[TASK OBJECTIVE] Write the full listing out again, word for word, but omit the pictures.
START PROVIDED MATERIAL
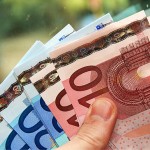 des billets de 20 et 10 euros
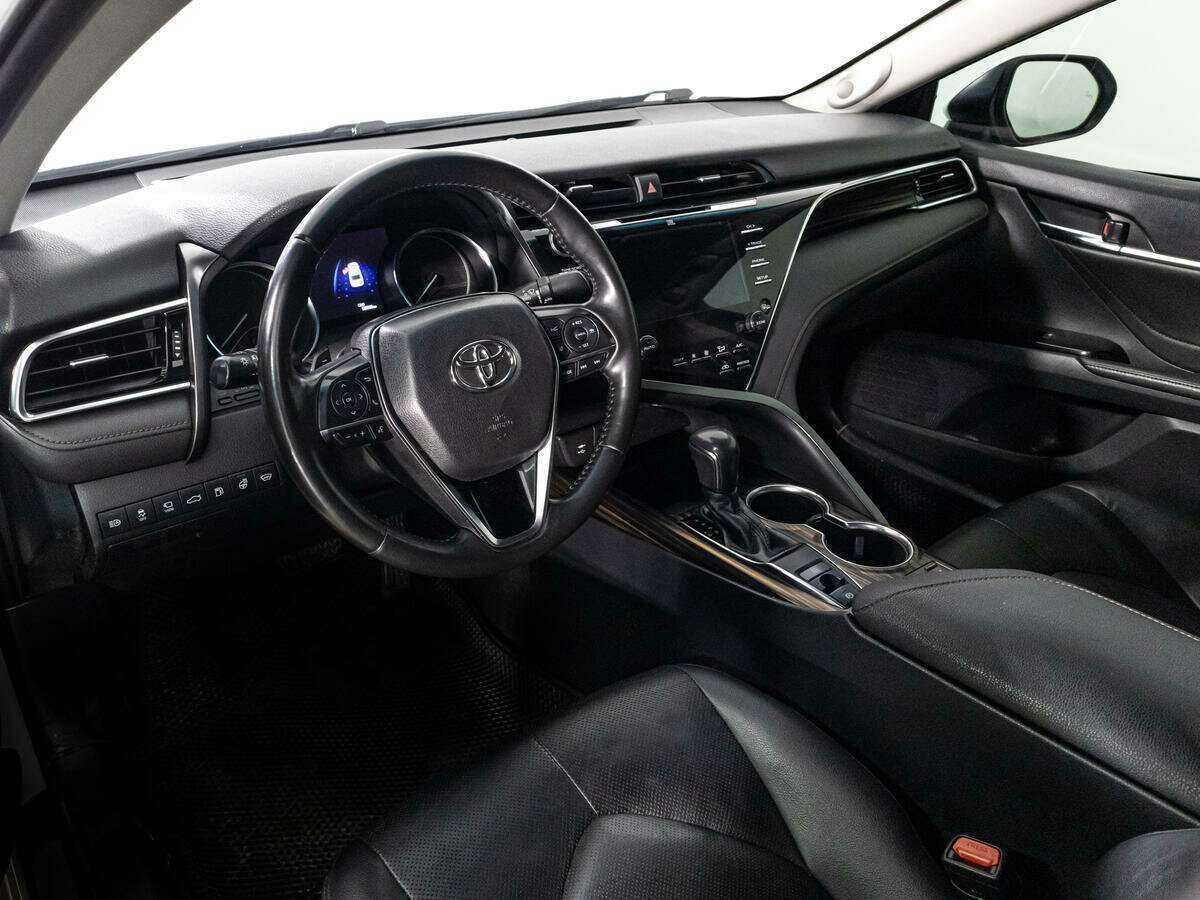 Toyota Camry 2018 года с пробегом. Фото: #10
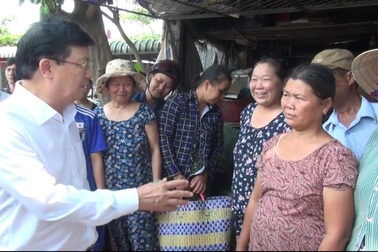 Phó Thủ tướng Trịnh Đình Dũng khảo sát kênh Chợ Gạo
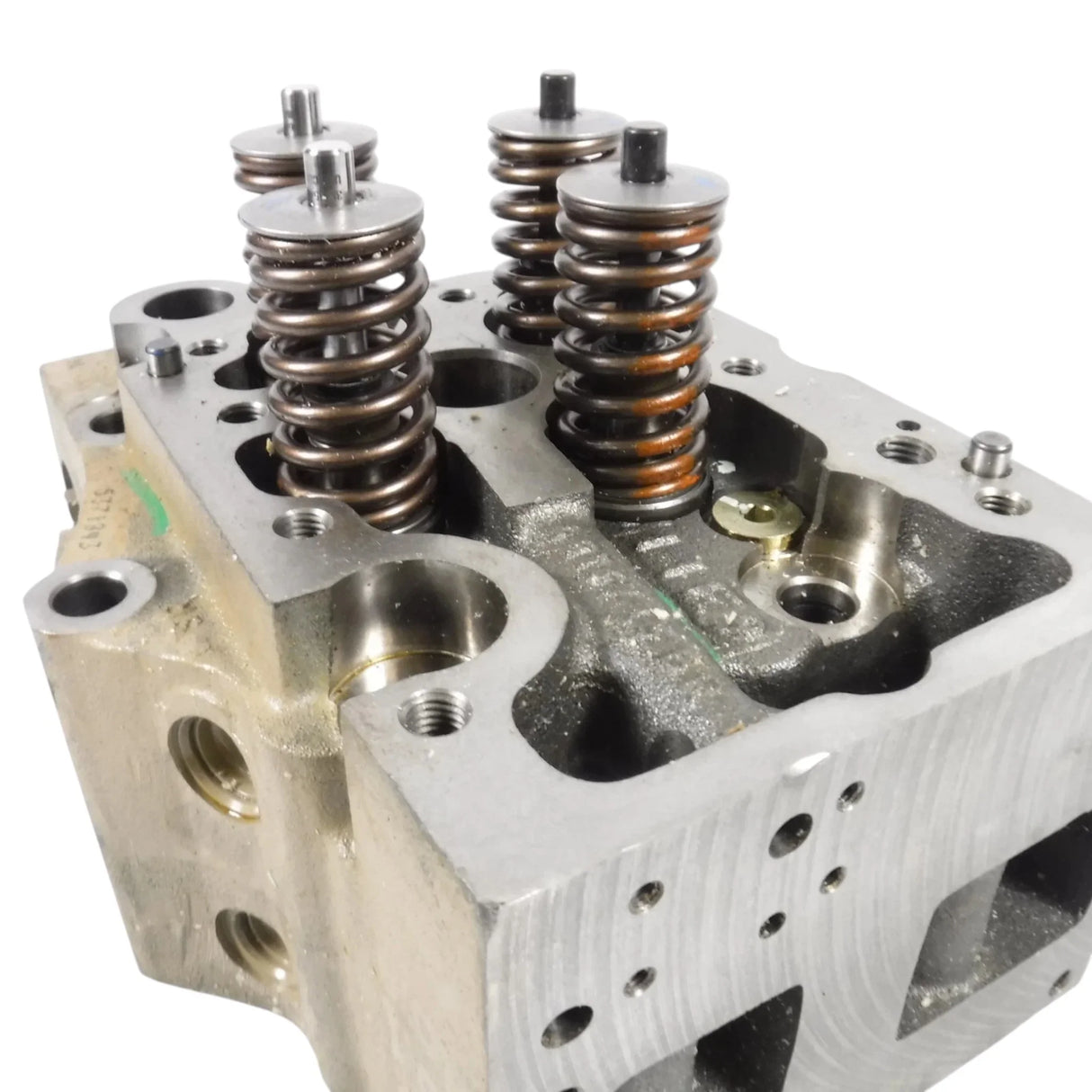 5371843 Cummins Cylinder Head - Truck To Trailer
END PROVIDED MATERIAL
[WRITTEN REPLY]
 des billets de 20 et 10 euros
 Toyota Camry 2018 года с пробегом. Фото: #10
 Phó Thủ tướng Trịnh Đình Dũng khảo sát kênh Chợ Gạo
 5371843 Cummins Cylinder Head - Truck To Trailer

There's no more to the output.